Spacecraft properties
- Bus: SMEX-Lite
- Manufacturer: Goddard Space Flight Center
- Launch mass: 570 kg (1,260 lb)
- Dimensions: Undeployed: 1.4 × 1.8 m (4 ft 7 in × 5 ft 11 in)
- Power: 600 watts

Start of mission
- Launch date: 11 February 2015, 23:03:42 UTC
- Rocket: Falcon 9 v1.1
- Launch site: Cape Canaveral, SLC-40, Florida
- Contractor: SpaceX
- Entered service: 8 June 2015

Orbital parameters
- Reference system: Heliocentric orbit
- Regime: Sun-Earth Lagrange point L1
- Period: six-month
- PlasMag: Plasma-Magnetometer
- NISTAR: National Institute of Standards and Technology Advanced Radiometer
- EPIC: Earth Polychromatic Imaging Camera
- ES: Electron Spectrometer
- PHA: Pulse Height Analyzer

= Deep Space Climate Observatory =

American solar research spacecraft

Deep Space Climate Observatory (DSCOVR; formerly known as Triana and unofficially as GoreSat) is a United States National Oceanic and Atmospheric Administration (NOAA) space weather, space climate, and Earth observation satellite.
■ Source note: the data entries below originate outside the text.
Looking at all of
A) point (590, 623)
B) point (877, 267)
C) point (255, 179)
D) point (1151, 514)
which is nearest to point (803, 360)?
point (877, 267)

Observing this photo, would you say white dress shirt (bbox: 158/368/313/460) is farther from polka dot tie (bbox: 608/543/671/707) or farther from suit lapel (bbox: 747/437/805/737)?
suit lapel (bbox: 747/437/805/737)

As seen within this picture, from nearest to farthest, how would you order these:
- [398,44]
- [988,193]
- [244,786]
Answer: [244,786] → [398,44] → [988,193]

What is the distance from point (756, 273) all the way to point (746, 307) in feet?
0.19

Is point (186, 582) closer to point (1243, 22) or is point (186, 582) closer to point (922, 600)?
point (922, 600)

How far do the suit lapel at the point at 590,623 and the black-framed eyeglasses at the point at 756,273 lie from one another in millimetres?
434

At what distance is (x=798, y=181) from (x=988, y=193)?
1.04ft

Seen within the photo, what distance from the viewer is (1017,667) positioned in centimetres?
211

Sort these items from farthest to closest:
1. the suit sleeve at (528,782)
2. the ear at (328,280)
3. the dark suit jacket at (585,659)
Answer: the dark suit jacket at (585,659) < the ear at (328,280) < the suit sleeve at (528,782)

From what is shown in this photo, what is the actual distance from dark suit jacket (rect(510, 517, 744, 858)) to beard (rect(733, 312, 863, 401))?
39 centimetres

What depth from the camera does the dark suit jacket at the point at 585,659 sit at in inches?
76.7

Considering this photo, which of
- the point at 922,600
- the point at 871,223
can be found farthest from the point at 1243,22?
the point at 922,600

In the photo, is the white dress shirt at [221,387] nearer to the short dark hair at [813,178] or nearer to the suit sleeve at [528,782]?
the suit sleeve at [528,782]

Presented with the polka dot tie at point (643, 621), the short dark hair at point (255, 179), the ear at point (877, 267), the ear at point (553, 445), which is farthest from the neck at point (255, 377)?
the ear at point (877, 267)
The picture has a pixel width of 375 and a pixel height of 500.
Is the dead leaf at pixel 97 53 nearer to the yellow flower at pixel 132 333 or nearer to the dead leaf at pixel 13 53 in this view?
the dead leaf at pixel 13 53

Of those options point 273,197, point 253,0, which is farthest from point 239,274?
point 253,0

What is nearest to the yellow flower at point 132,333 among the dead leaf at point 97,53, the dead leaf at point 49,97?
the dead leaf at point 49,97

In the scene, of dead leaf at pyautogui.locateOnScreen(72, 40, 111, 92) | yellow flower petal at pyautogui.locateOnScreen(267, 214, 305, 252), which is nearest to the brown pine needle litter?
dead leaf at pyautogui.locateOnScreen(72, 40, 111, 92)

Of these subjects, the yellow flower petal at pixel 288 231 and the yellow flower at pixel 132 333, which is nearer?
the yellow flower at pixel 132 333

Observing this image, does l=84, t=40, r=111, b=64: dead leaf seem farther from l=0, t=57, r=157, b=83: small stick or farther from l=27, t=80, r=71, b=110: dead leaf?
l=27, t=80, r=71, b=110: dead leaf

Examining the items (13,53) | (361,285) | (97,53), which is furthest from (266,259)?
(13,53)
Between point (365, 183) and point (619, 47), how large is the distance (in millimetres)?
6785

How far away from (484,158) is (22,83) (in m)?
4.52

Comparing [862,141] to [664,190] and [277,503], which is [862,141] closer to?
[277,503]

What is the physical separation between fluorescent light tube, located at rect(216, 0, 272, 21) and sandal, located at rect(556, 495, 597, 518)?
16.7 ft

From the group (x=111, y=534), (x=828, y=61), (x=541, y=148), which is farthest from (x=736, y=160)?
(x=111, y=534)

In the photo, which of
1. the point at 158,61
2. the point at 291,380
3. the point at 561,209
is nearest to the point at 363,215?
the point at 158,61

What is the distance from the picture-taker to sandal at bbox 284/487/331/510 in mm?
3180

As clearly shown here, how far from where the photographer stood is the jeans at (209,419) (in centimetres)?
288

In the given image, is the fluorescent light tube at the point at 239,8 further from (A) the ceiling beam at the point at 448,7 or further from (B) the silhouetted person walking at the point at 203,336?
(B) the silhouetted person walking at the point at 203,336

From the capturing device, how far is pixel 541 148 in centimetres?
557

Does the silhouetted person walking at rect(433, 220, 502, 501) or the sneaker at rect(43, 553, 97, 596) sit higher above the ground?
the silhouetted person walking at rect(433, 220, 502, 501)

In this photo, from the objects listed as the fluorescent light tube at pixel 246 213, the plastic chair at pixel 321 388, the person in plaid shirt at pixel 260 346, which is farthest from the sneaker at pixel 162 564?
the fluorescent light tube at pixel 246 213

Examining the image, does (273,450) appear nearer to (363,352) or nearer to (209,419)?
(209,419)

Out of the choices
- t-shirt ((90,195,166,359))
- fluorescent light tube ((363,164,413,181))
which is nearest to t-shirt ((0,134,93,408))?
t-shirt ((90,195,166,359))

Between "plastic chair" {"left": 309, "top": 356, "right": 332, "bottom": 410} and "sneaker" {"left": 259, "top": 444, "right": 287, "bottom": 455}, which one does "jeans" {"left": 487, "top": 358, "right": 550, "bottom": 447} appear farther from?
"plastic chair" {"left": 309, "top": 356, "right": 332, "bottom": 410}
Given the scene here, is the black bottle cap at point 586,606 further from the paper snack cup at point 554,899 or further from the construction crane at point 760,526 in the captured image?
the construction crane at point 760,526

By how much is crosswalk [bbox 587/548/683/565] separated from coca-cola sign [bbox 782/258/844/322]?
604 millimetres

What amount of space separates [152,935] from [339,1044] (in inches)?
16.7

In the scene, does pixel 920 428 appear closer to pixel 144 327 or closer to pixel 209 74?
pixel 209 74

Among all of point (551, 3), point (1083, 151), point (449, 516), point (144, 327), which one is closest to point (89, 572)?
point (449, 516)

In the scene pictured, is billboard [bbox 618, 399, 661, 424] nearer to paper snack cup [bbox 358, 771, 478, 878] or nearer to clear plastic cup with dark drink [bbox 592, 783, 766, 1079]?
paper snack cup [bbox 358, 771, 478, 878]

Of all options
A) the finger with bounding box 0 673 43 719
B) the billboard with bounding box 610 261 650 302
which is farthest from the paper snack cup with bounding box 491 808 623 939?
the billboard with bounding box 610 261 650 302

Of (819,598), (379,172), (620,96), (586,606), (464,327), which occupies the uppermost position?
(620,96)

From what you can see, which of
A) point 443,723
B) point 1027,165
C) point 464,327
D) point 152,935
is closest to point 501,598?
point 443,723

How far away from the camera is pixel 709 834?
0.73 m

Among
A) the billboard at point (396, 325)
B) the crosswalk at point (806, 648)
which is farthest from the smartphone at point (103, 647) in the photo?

It was launched by SpaceX on a Falcon 9 v1.1 launch vehicle on 11 February 2015, from Cape Canaveral, Florida. This is NOAA's first operational deep space satellite and became its primary system of warning Earth in the event of solar magnetic storms.

DSCOVR was originally proposed as an Earth observation spacecraft positioned at the Sun-Earth Lagrange point, providing live video of the sunlit side of the planet through the Internet as well as scientific instruments to study climate change. Political changes in the United States resulted in the mission's cancellation, and in 2001 the spacecraft was placed into storage.

Proponents of the mission continued to push for its reinstatement, and a change in presidential administration in 2009 resulted in DSCOVR being taken out of storage and refurbished, and its mission was refocused to solar observation and early warning of coronal mass ejections while still providing Earth observation and climate monitoring. It launched aboard a SpaceX Falcon 9 launch vehicle on 11 February 2015, and reached on 8 June 2015, joining the list of objects orbiting at Lagrange points.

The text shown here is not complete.